二十九號,剛升井,交班的潘師傅說,學生,書記讓你去救護大隊學習呢。這次安排的確顯得太匆匆,這樣的事,事先應該先通知我,徵詢一下我的意見,霸王硬上弓,讓我心中不快。按計劃,第二天上午就要去安檢科報道,隨後礦上發車送我們去國家陸地收尋與救援基地。我情緒有點央央,也沒心思準備東西

同去的夥伴興奮的對我說“你丫沒去救護大隊學習過吧,別愁眉苦臉的,你是不知道,每頓飯都是四菜一湯,還雙休”他這話的確劃開了我緊蹙的眉頭,“這麼說,就是發着工資旅遊唄?”我興奮的回他話。“可不是”他樂呵呵的說。

這是這篇文章的由來,也是去三蘇墳的緣起。

事前,我的計劃是這樣的,我應該在秋天的某個時候去三蘇墳,因爲,本質上,我還是覺得蘇軾是屬於“無邊落木瀟瀟下”的秋天的,他的生命是悲涼的,他的靈魂也是悲涼的,所以,作爲一個後輩崇拜者,睹物思人,觸景生情的季節應該是秋天,那樣的氣候,那樣的氛圍更有助於我去感同身受的理解他。

八月二號,週末,我打車去郟縣,拜謁三蘇墳。三蘇墳在郟縣伏牛山脈的嵩山腳下一處叫小峨眉山的所在。

共和國六十五年夏,河南大旱,土地龜裂,地裏的玉米百無聊賴的卷着葉子,似乎不願意再肩負濡養百姓的職責,實際上,他們的確也無能爲力了。有幾個老農,拖着長長的水管灌溉田地,其實大可不必,雞肋而已,即使灌溉了土地,收成也不會好。

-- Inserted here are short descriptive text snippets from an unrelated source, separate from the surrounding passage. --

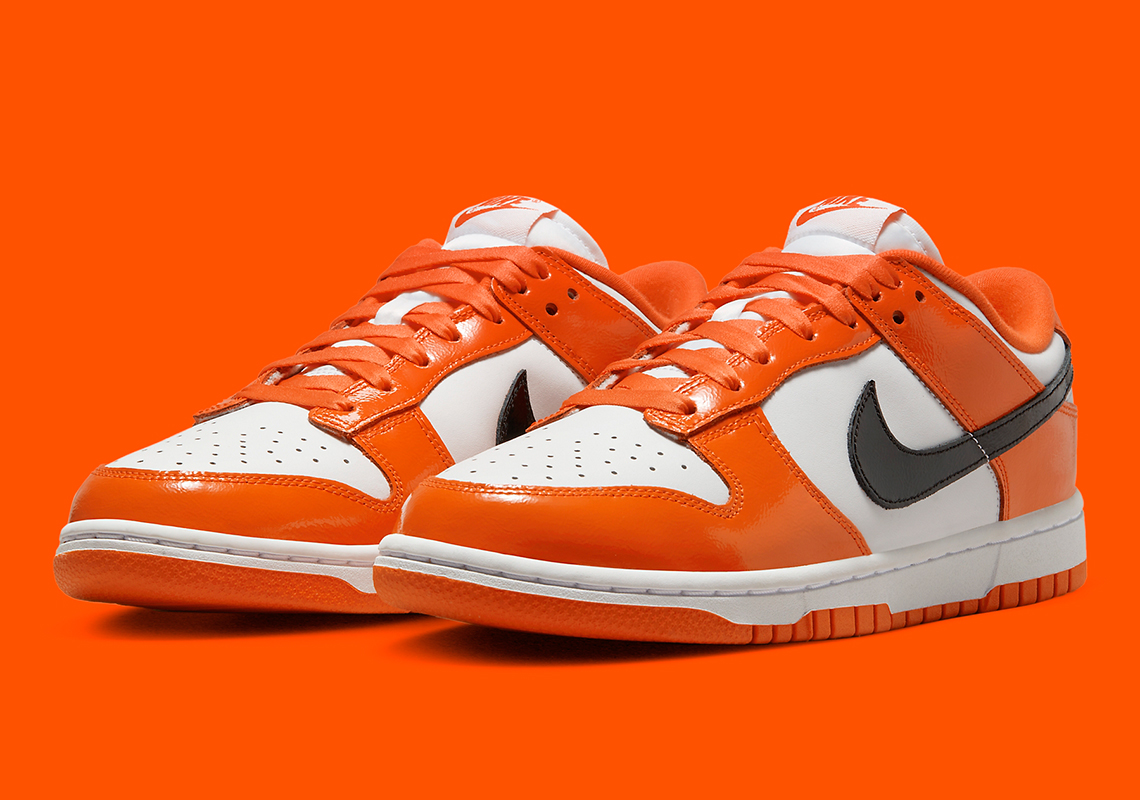 The Nike Dunk Low "Halloween" Dresses Up In Glossy Orange And Black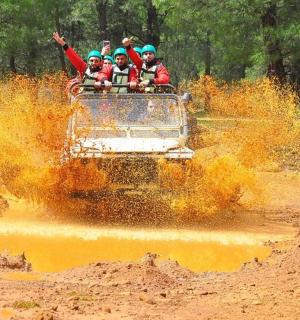 a group of people riding in the back of an off road vehicle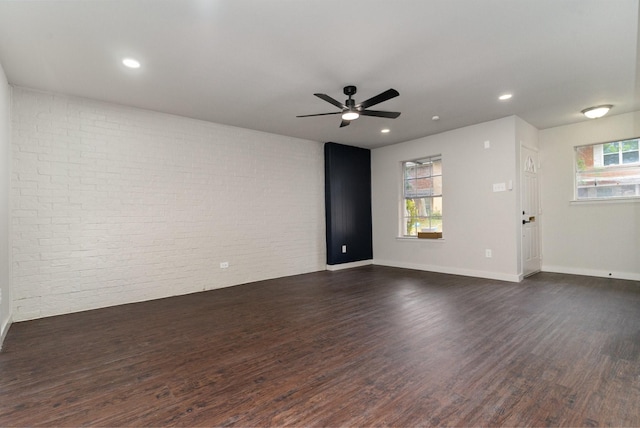 spare room featuring brick wall, dark wood-type flooring, and a wealth of natural light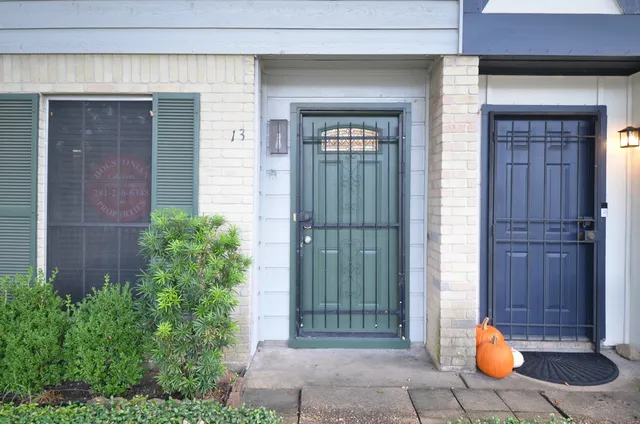 a backyard of a house with sofas table and chairs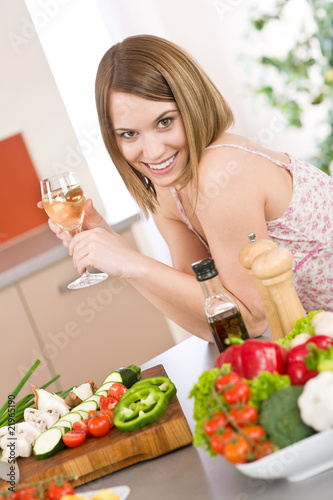 Cooking - smiling woman with glass of white wine and vegetable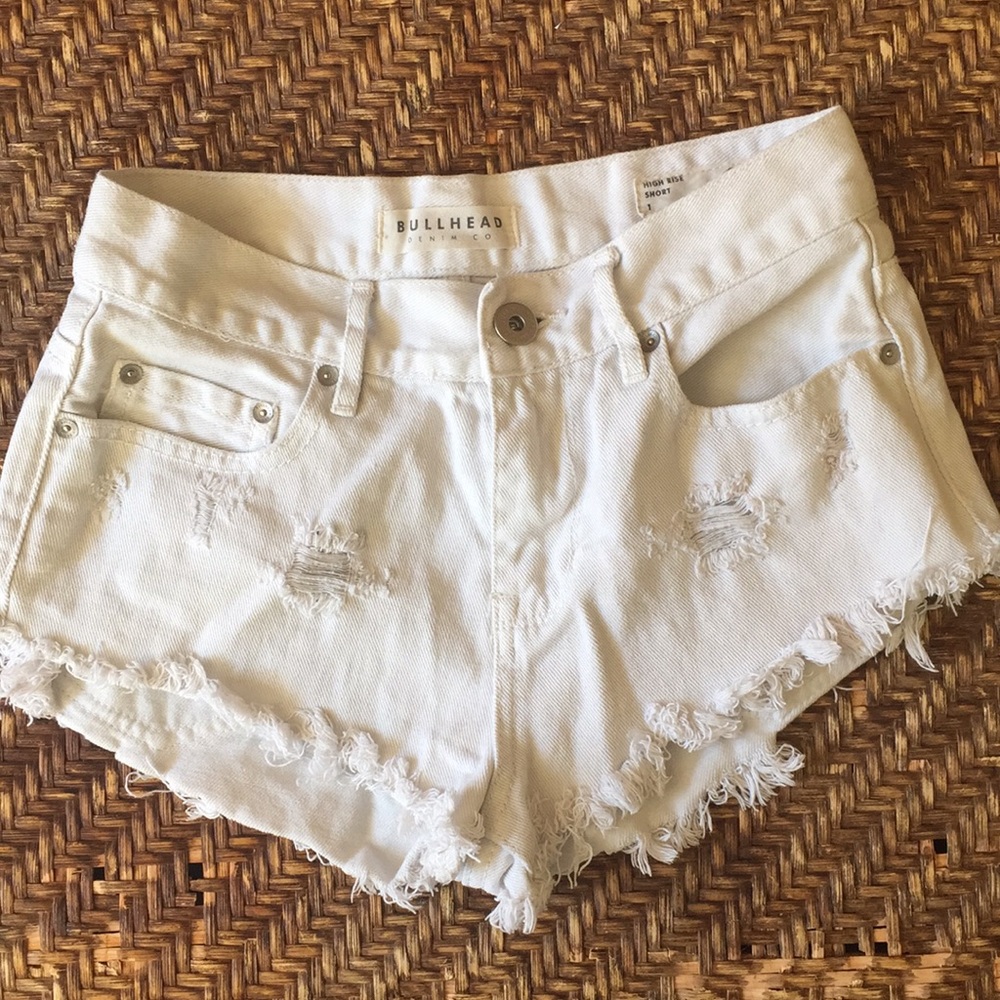 Distressed white jean shorts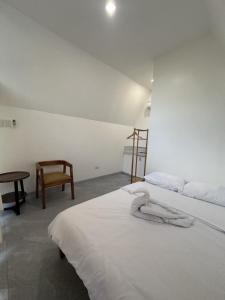 Postel nebo postele na pokoji v ubytování Passeo De Lucas Hometel - Siquijor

六十三年不遇的奇旱,萬物枯黃,生機勃勃的夏天宛如秋至。我本能的想,如果事先知道今年是幾十年不遇的災害年,是否還會有人去耕耘。旋既,我就得到了答案,“會!”,正像眼前這毫無作用的灌溉,他們播種,其實是在播種希望。播種了心裏就踏實,不播種心裏就空虛,至於收穫那是另一件事情了。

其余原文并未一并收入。